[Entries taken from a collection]
—————

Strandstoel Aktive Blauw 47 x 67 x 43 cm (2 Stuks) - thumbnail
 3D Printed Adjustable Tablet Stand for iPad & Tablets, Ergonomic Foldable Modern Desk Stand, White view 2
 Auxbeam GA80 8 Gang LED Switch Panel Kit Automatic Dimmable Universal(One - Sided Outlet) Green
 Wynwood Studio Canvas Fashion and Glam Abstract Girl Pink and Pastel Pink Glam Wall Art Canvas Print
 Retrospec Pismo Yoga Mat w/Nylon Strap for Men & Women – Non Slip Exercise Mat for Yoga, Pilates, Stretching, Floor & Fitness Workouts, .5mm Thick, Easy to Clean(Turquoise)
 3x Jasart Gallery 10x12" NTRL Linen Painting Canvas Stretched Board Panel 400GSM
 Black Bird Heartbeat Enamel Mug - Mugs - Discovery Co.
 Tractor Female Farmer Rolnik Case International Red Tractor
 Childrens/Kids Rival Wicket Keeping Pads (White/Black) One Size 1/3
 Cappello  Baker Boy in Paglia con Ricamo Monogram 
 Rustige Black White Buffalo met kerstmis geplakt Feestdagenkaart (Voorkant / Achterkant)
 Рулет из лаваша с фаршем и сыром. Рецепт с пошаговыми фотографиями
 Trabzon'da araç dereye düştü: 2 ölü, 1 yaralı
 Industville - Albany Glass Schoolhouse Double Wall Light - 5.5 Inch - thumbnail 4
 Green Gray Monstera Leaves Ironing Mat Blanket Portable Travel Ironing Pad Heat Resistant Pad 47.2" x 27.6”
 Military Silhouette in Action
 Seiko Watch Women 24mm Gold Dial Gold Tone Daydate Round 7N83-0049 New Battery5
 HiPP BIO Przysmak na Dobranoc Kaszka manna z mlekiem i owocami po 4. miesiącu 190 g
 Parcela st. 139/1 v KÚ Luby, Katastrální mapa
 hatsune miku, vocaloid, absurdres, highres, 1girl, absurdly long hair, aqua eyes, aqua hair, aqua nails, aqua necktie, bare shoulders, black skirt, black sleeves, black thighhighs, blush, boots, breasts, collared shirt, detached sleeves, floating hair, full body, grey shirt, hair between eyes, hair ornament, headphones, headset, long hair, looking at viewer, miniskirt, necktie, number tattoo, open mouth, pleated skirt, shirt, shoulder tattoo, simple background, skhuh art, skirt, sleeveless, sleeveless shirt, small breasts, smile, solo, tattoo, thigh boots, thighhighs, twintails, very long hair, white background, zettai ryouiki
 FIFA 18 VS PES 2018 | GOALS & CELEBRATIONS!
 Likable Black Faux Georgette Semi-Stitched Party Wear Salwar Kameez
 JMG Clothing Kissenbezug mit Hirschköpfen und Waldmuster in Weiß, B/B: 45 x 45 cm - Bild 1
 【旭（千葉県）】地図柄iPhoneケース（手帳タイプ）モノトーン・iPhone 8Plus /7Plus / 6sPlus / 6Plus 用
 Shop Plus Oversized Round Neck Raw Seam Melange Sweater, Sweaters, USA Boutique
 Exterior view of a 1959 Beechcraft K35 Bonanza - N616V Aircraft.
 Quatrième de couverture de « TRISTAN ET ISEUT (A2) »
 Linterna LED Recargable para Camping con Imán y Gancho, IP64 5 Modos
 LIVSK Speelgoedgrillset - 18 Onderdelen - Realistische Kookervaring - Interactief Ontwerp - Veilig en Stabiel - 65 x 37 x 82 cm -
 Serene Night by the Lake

—————

*WHAT TO WORK ON*: Every entry must be set down again exactly as it reads.

*SOLVED EXERCISE*:
Strandstoel Aktive Blauw 47 x 67 x 43 cm (2 Stuks) - thumbnail
 3D Printed Adjustable Tablet Stand for iPad & Tablets, Ergonomic Foldable Modern Desk Stand, White view 2
 Auxbeam GA80 8 Gang LED Switch Panel Kit Automatic Dimmable Universal(One - Sided Outlet) Green
 Wynwood Studio Canvas Fashion and Glam Abstract Girl Pink and Pastel Pink Glam Wall Art Canvas Print
 Retrospec Pismo Yoga Mat w/Nylon Strap for Men & Women – Non Slip Exercise Mat for Yoga, Pilates, Stretching, Floor & Fitness Workouts, .5mm Thick, Easy to Clean(Turquoise)
 3x Jasart Gallery 10x12" NTRL Linen Painting Canvas Stretched Board Panel 400GSM
 Black Bird Heartbeat Enamel Mug - Mugs - Discovery Co.
 Tractor Female Farmer Rolnik Case International Red Tractor
 Childrens/Kids Rival Wicket Keeping Pads (White/Black) One Size 1/3
 Cappello  Baker Boy in Paglia con Ricamo Monogram 
 Rustige Black White Buffalo met kerstmis geplakt Feestdagenkaart (Voorkant / Achterkant)
 Рулет из лаваша с фаршем и сыром. Рецепт с пошаговыми фотографиями
 Trabzon'da araç dereye düştü: 2 ölü, 1 yaralı
 Industville - Albany Glass Schoolhouse Double Wall Light - 5.5 Inch - thumbnail 4
 Green Gray Monstera Leaves Ironing Mat Blanket Portable Travel Ironing Pad Heat Resistant Pad 47.2" x 27.6”
 Military Silhouette in Action
 Seiko Watch Women 24mm Gold Dial Gold Tone Daydate Round 7N83-0049 New Battery5
 HiPP BIO Przysmak na Dobranoc Kaszka manna z mlekiem i owocami po 4. miesiącu 190 g
 Parcela st. 139/1 v KÚ Luby, Katastrální mapa
 hatsune miku, vocaloid, absurdres, highres, 1girl, absurdly long hair, aqua eyes, aqua hair, aqua nails, aqua necktie, bare shoulders, black skirt, black sleeves, black thighhighs, blush, boots, breasts, collared shirt, detached sleeves, floating hair, full body, grey shirt, hair between eyes, hair ornament, headphones, headset, long hair, looking at viewer, miniskirt, necktie, number tattoo, open mouth, pleated skirt, shirt, shoulder tattoo, simple background, skhuh art, skirt, sleeveless, sleeveless shirt, small breasts, smile, solo, tattoo, thigh boots, thighhighs, twintails, very long hair, white background, zettai ryouiki
 FIFA 18 VS PES 2018 | GOALS & CELEBRATIONS!
 Likable Black Faux Georgette Semi-Stitched Party Wear Salwar Kameez
 JMG Clothing Kissenbezug mit Hirschköpfen und Waldmuster in Weiß, B/B: 45 x 45 cm - Bild 1
 【旭（千葉県）】地図柄iPhoneケース（手帳タイプ）モノトーン・iPhone 8Plus /7Plus / 6sPlus / 6Plus 用
 Shop Plus Oversized Round Neck Raw Seam Melange Sweater, Sweaters, USA Boutique
 Exterior view of a 1959 Beechcraft K35 Bonanza - N616V Aircraft.
 Quatrième de couverture de « TRISTAN ET ISEUT (A2) »
 Linterna LED Recargable para Camping con Imán y Gancho, IP64 5 Modos
 LIVSK Speelgoedgrillset - 18 Onderdelen - Realistische Kookervaring - Interactief Ontwerp - Veilig en Stabiel - 65 x 37 x 82 cm -
 Serene Night by the Lake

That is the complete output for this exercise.